*DIRECTIONS*:
Give the data again exactly, without its images.

PROVIDED ENTRIES Block Start

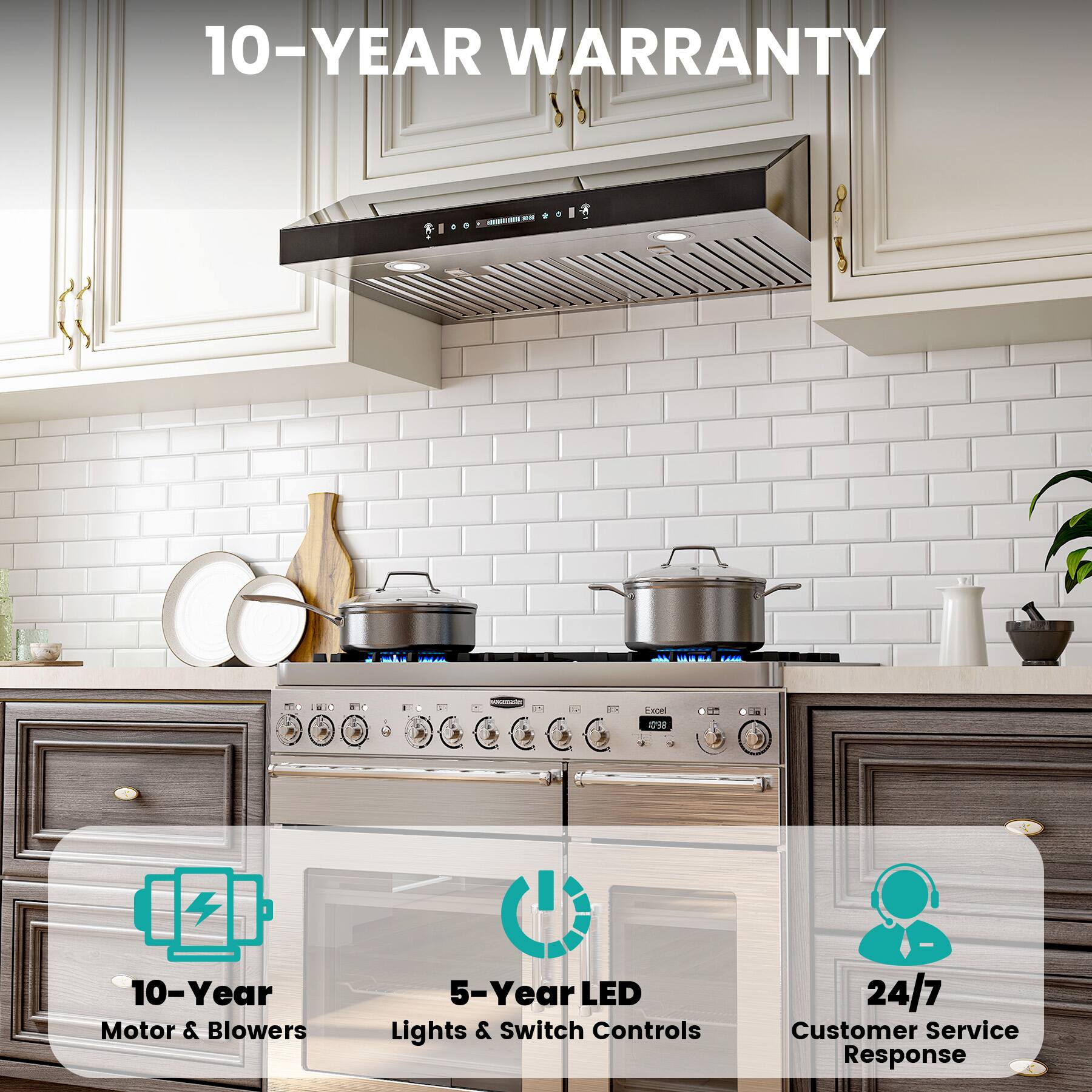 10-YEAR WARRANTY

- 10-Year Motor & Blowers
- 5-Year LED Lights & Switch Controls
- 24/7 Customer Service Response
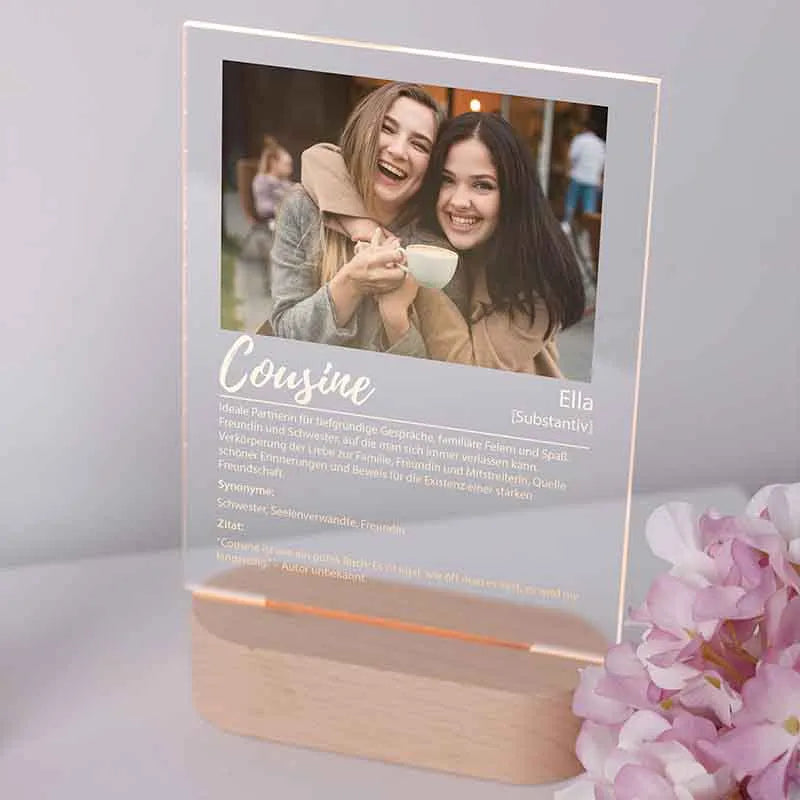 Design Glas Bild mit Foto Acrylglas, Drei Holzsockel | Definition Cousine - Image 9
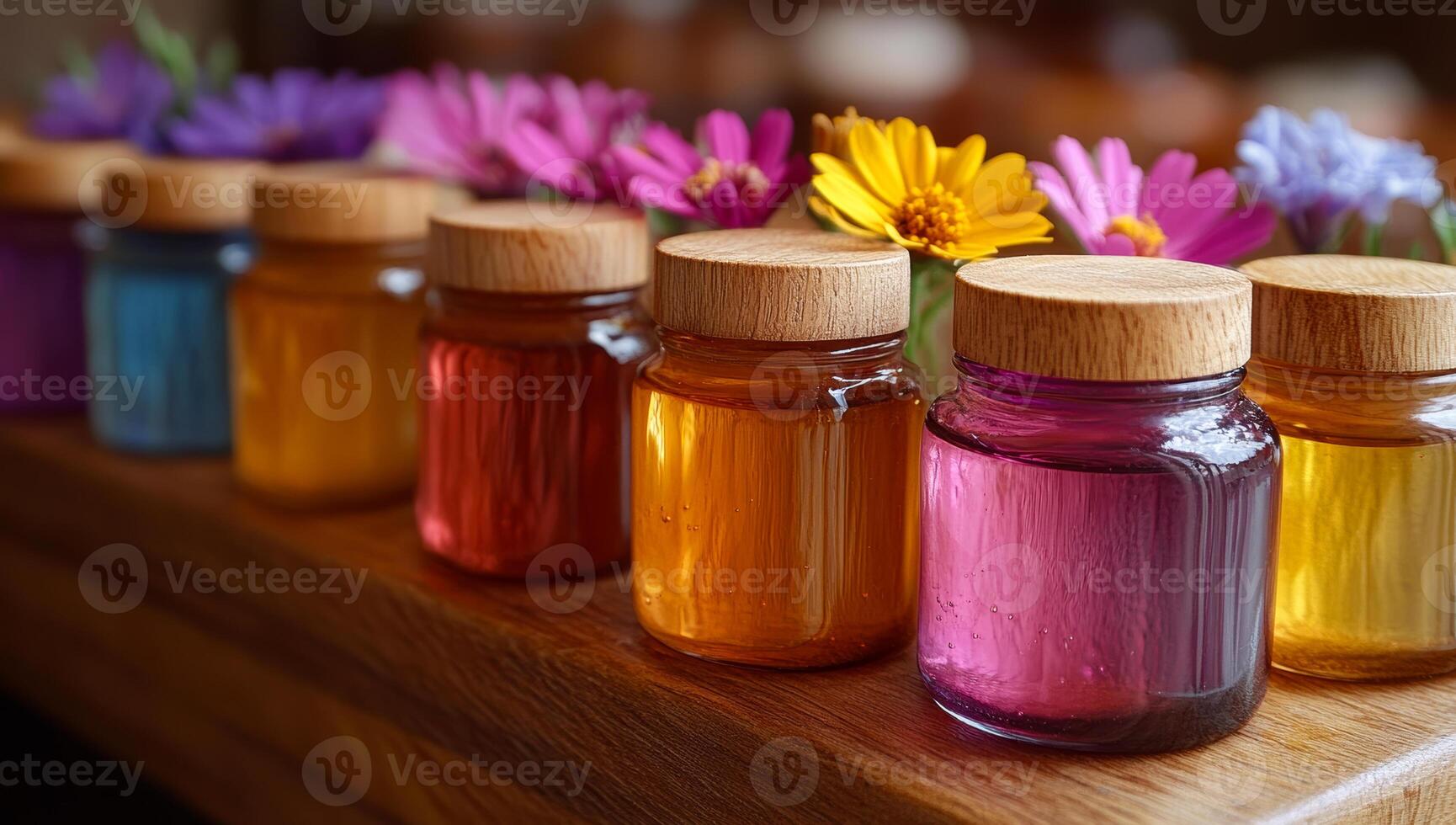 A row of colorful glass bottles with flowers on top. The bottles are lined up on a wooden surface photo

PROVIDED ENTRIES Block End

*RESULT*:
 10-YEAR WARRANTY

- 10-Year Motor & Blowers
- 5-Year LED Lights & Switch Controls
- 24/7 Customer Service Response
 Design Glas Bild mit Foto Acrylglas, Drei Holzsockel | Definition Cousine - Image 9
 A row of colorful glass bottles with flowers on top. The bottles are lined up on a wooden surface photo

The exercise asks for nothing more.